Cartoon by Toby Rush, man describing a musical passage to a woman "And then the bassoon choir comes in like flaming honeydew melons from on high"

Cartoon from “Music Theory for Musicians and Normal People” by Toby Rush.

You can enjoy music without knowing how it works, but knowing even a little bit will help you hear things you might have missed otherwise (for example, those repeated notes in Bach’s Magnificat and Chopin’s “Raindrop” Prelude).

And you’ll be able to describe to people what’s great in the music you’ve heard.  There are lots of great resources to help you learn how.

I recently found a set of pages explaining various aspects of music notation (and more) using a format you don’t typically see:  it looks like a graphic novel.  And I love the title:

Music Theory for Musicians and Normal People

While there’s a lot of information on each page, it’s very pleasing to the eye and easy to read.  The pages are available in several languages, and the English-language pages include British and American versions to accommodate, for example, the differing names for note lengths (quaver versus eighth note).

Read these pages, and soon you too will be able to casually toss around terms like “circle of fifths,” “complex meter,” “species counterpoint,” and “motivic development”!

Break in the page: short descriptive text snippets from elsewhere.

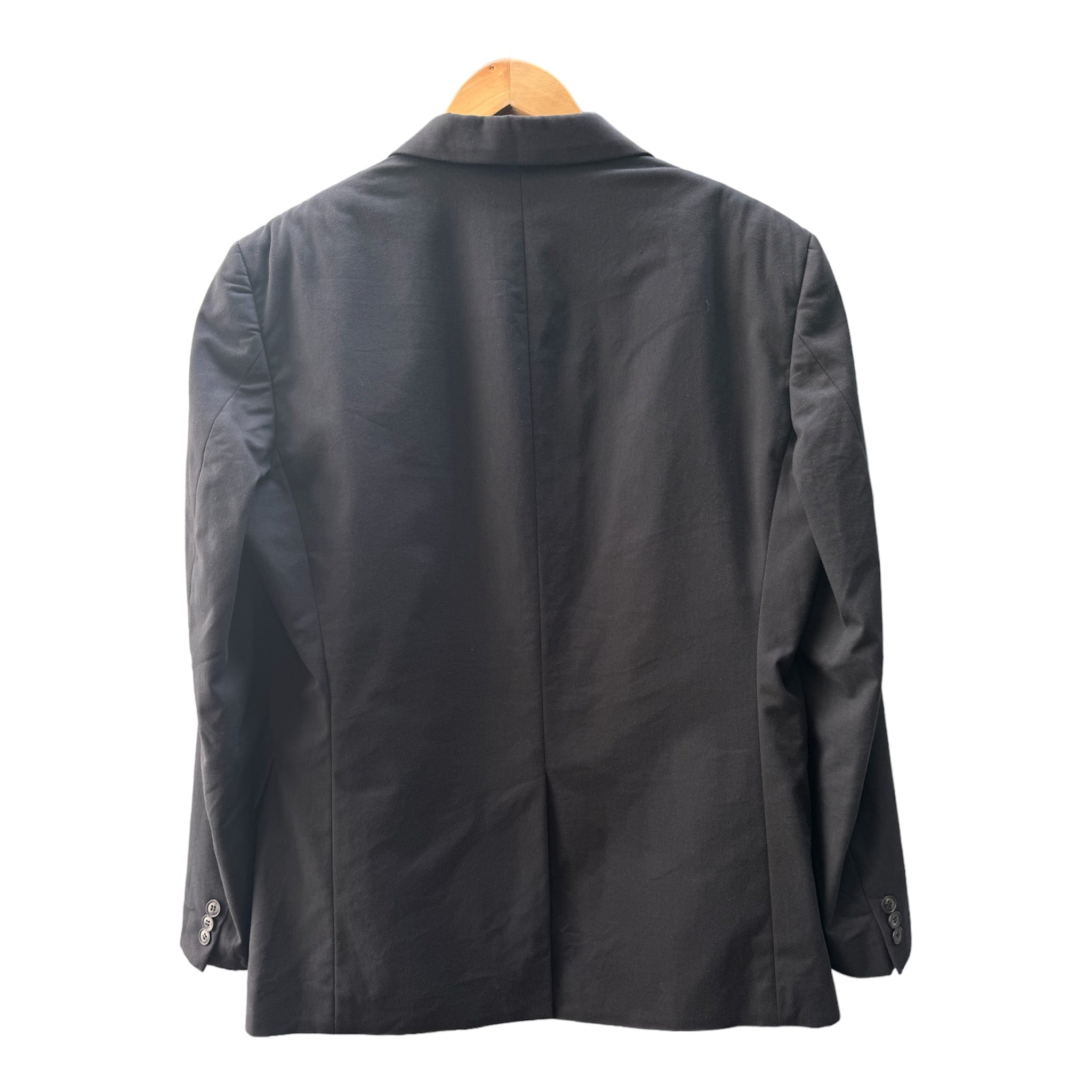 Richmond Blazer-2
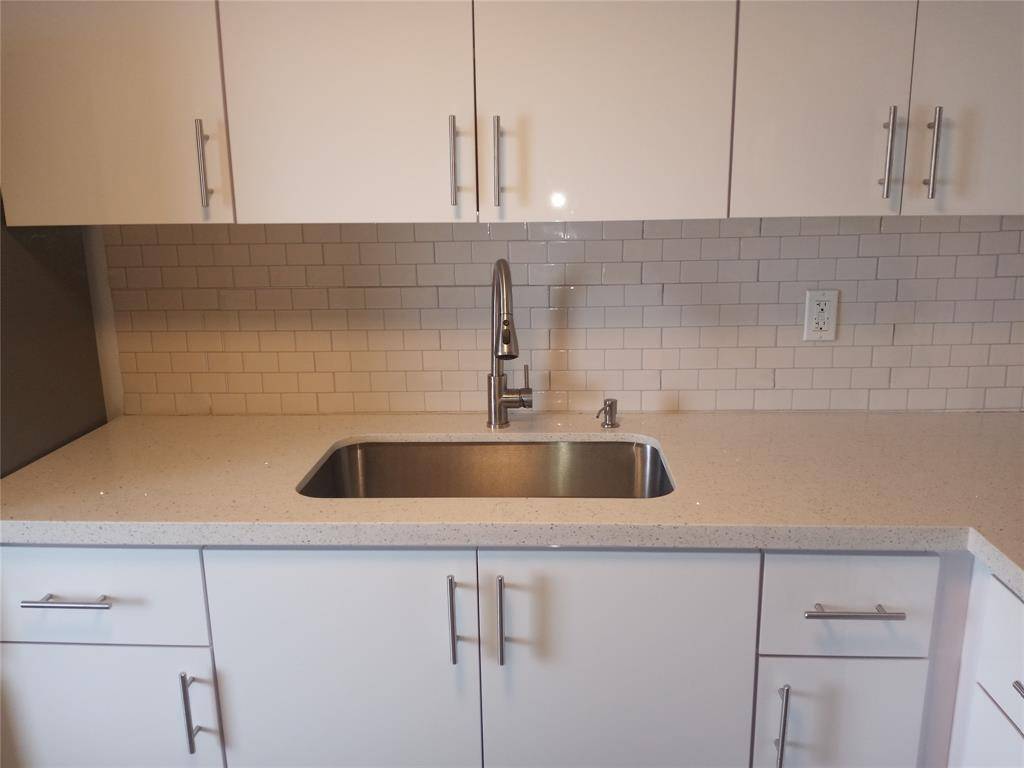 Plantation, FL 33313,4770 NW 10th Ct #312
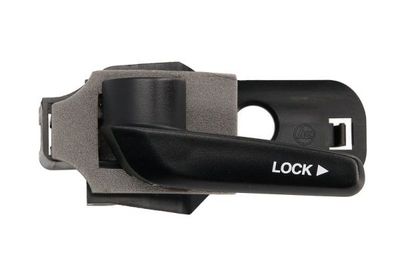 Door Handle, interior equipment BLIC 6010-07-029409PP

But if you find yourself saying, “Hold on there, Sparky (Sparky is the Music Theory Dog of the series), you’re getting a little ahead of me,” here are some more options.

Coursera’s online course “Fundamentals of Music Theory,” offered by the University of Edinburgh, will start up on January 30, 2017 (a little off-topic, but also on Coursera, Yale University’s course “Introduction to Classical Music” begins January 2, 2017).

If you don’t have a lot of time, try  http://oneminutemusiclesson.com/lessons/

If you like to go at your own pace, see http://www.musictheory.net/lessons

If you’re keen on lots of details, check out  http://www.dolmetsch.com/theoryintro.htm

If you like using flash cards, look at the musical offerings on Memrise.com

Spend a little time at any of these websites, and pretty soon you’ll be able to say

Photo of Clara Schumann captioned "I see what you did there"

Just watch out for those flaming honeydew melons.